======== MATERIAL SUPPLIED
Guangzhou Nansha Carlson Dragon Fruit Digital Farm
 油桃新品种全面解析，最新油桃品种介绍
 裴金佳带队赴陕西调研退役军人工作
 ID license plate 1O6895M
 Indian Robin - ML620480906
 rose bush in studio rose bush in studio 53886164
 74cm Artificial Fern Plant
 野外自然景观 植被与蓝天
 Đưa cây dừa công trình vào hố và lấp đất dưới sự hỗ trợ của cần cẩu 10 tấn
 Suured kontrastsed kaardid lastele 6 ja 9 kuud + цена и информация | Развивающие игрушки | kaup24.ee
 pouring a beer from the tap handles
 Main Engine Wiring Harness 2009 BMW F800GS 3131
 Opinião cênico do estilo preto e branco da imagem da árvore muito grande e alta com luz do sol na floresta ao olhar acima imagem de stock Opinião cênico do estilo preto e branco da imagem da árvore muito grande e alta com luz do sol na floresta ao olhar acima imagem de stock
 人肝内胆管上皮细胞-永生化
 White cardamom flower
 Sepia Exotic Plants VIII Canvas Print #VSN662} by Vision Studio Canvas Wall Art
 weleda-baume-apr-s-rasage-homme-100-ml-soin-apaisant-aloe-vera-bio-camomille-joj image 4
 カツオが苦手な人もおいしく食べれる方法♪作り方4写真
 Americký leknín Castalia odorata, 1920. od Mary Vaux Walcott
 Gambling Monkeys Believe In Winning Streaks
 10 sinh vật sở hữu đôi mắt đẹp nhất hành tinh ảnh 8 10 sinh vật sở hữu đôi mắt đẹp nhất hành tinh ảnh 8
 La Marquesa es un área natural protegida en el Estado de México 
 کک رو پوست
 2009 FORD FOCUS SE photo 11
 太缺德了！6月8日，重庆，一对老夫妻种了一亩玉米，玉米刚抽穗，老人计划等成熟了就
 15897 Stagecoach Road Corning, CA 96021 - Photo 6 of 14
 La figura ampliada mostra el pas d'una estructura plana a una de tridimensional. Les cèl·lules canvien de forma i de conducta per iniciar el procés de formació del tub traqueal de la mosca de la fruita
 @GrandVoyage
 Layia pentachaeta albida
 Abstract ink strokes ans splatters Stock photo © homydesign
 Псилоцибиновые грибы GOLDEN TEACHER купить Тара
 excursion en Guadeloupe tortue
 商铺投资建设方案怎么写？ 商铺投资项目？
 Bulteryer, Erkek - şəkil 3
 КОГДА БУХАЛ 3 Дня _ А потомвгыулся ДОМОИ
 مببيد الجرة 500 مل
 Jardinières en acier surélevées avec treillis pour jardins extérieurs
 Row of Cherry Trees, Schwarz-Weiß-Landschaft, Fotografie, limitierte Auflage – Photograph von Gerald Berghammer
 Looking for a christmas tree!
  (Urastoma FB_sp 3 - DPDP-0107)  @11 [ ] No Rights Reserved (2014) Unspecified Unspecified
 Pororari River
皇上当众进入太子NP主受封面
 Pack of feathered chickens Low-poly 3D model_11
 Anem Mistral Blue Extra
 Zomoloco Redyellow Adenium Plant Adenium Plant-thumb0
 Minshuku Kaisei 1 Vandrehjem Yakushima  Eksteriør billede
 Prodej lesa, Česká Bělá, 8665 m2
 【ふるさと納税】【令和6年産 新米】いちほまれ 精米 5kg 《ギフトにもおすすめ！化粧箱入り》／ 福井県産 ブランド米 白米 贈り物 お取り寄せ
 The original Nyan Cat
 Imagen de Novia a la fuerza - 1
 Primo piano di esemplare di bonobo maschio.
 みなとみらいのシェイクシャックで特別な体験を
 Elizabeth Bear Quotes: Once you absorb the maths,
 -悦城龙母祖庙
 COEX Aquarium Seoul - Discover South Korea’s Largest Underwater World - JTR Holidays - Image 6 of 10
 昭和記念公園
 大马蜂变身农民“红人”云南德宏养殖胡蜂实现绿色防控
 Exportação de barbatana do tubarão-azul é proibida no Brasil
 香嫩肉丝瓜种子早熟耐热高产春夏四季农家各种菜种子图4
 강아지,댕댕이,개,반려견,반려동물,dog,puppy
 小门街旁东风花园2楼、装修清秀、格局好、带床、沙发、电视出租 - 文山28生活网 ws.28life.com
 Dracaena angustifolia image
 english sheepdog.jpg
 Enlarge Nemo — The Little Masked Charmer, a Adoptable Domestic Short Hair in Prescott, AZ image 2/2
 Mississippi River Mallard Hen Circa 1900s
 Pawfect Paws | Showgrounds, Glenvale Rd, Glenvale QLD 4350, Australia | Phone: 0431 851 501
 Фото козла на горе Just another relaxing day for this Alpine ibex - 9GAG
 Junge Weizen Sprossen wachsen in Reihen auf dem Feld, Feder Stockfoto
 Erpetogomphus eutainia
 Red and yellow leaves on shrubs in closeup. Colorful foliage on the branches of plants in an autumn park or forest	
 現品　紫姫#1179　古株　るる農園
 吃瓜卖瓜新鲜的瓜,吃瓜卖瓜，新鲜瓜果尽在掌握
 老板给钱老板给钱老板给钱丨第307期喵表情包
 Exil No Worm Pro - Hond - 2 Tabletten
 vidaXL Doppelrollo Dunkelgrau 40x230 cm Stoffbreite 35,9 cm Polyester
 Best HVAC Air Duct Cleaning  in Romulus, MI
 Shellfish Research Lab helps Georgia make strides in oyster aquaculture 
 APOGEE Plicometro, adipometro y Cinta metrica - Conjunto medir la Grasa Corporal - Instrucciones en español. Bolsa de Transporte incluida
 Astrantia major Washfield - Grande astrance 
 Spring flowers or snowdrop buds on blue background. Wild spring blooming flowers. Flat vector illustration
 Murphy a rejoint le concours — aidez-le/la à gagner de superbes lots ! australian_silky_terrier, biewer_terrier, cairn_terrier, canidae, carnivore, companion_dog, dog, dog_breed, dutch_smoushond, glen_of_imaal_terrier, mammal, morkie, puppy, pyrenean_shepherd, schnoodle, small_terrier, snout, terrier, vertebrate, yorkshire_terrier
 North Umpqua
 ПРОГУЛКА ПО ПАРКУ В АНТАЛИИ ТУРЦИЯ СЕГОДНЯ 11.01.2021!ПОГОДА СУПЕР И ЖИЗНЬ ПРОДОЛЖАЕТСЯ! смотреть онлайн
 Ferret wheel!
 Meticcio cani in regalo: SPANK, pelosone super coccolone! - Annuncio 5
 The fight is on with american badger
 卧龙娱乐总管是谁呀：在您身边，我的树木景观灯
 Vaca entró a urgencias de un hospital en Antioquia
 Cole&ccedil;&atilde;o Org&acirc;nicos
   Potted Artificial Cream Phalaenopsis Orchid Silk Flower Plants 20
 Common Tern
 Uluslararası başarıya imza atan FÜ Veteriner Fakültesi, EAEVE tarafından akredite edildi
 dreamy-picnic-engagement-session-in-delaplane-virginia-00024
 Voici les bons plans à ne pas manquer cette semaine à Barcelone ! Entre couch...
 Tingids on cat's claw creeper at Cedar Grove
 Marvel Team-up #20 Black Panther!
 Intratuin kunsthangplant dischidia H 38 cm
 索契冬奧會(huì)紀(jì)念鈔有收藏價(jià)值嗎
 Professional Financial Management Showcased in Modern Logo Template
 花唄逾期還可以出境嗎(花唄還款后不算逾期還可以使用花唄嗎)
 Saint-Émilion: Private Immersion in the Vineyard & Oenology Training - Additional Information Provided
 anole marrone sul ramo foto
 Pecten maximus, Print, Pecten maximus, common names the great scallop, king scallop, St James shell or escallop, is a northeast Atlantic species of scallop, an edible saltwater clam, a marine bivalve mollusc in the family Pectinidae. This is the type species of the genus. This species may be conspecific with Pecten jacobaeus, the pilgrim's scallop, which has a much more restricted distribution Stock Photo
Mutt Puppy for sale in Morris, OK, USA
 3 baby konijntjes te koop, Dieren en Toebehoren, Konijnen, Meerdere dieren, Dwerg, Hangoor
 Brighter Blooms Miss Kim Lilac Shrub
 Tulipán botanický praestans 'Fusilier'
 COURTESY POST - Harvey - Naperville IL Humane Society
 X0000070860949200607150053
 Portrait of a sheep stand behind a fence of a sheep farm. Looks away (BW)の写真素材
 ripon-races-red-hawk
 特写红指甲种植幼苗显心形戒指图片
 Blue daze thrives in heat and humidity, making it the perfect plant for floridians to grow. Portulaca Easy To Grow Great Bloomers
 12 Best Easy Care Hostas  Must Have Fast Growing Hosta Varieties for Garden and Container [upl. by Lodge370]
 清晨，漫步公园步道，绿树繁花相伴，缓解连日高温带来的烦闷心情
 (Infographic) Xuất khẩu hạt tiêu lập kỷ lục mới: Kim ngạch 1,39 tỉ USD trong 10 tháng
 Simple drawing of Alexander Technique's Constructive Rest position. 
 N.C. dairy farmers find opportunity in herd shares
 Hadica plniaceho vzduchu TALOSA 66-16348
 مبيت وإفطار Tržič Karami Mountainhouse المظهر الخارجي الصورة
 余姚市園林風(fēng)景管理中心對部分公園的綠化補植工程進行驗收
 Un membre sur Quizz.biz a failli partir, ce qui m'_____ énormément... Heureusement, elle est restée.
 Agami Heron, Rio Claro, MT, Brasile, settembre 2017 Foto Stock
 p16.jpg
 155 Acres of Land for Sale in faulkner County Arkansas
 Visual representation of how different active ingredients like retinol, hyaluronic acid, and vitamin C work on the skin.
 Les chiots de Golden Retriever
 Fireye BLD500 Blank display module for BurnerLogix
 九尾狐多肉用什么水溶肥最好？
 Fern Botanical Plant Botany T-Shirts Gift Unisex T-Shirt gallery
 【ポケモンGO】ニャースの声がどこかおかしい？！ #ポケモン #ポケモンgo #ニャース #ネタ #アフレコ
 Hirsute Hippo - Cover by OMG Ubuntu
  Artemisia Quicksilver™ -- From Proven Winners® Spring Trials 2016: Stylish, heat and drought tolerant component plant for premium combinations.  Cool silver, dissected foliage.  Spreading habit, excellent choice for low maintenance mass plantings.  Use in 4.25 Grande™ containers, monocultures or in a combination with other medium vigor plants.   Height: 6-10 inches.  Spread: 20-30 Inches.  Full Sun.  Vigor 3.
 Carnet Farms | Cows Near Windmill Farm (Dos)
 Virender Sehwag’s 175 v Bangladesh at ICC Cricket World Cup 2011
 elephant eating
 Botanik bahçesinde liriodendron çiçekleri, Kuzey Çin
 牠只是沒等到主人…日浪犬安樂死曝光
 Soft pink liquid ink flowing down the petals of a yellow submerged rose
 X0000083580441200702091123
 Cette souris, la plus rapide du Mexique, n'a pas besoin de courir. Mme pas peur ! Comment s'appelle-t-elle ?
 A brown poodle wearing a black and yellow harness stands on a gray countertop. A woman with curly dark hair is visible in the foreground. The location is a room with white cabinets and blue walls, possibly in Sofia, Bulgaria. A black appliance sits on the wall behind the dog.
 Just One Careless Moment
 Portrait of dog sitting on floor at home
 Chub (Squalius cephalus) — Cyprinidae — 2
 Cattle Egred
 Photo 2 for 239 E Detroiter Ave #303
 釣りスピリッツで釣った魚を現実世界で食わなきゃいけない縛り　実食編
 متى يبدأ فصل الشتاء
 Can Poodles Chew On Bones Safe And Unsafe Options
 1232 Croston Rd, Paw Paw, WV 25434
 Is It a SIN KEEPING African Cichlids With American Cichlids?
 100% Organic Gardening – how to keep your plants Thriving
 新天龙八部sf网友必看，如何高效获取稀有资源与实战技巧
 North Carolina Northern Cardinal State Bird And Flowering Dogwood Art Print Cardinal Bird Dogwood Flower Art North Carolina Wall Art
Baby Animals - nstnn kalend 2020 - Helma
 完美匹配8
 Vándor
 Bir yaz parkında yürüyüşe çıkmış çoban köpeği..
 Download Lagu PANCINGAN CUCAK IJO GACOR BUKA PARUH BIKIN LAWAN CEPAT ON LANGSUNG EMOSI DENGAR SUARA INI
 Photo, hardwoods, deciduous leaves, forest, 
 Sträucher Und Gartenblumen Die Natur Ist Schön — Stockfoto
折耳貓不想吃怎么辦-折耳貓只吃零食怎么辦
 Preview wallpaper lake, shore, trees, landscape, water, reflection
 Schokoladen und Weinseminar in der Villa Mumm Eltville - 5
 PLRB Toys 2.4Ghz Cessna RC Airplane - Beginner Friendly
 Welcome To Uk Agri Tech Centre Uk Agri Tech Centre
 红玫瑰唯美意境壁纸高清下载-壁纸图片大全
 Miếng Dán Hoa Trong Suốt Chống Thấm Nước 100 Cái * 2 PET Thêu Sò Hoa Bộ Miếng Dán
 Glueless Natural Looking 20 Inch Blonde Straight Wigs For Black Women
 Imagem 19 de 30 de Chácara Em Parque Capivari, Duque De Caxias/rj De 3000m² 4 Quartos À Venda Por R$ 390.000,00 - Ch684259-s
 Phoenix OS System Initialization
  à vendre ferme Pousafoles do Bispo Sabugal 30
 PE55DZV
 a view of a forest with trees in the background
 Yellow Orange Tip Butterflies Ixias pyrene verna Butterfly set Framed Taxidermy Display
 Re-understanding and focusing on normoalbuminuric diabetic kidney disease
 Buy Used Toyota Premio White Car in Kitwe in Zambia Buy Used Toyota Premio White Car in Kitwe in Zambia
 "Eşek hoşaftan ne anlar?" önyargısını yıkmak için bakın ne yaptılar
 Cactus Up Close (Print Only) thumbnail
================
Write out, from the lines above, only those from the line with "香嫩肉丝瓜种子早熟耐热高产春夏四季农家各种菜种子图4" to the line with "Mississippi River Mallard Hen Circa 1900s", exactly as given, including the first and the last.

 香嫩肉丝瓜种子早熟耐热高产春夏四季农家各种菜种子图4
 강아지,댕댕이,개,반려견,반려동물,dog,puppy
 小门街旁东风花园2楼、装修清秀、格局好、带床、沙发、电视出租 - 文山28生活网 ws.28life.com
 Dracaena angustifolia image
 english sheepdog.jpg
 Enlarge Nemo — The Little Masked Charmer, a Adoptable Domestic Short Hair in Prescott, AZ image 2/2
 Mississippi River Mallard Hen Circa 1900s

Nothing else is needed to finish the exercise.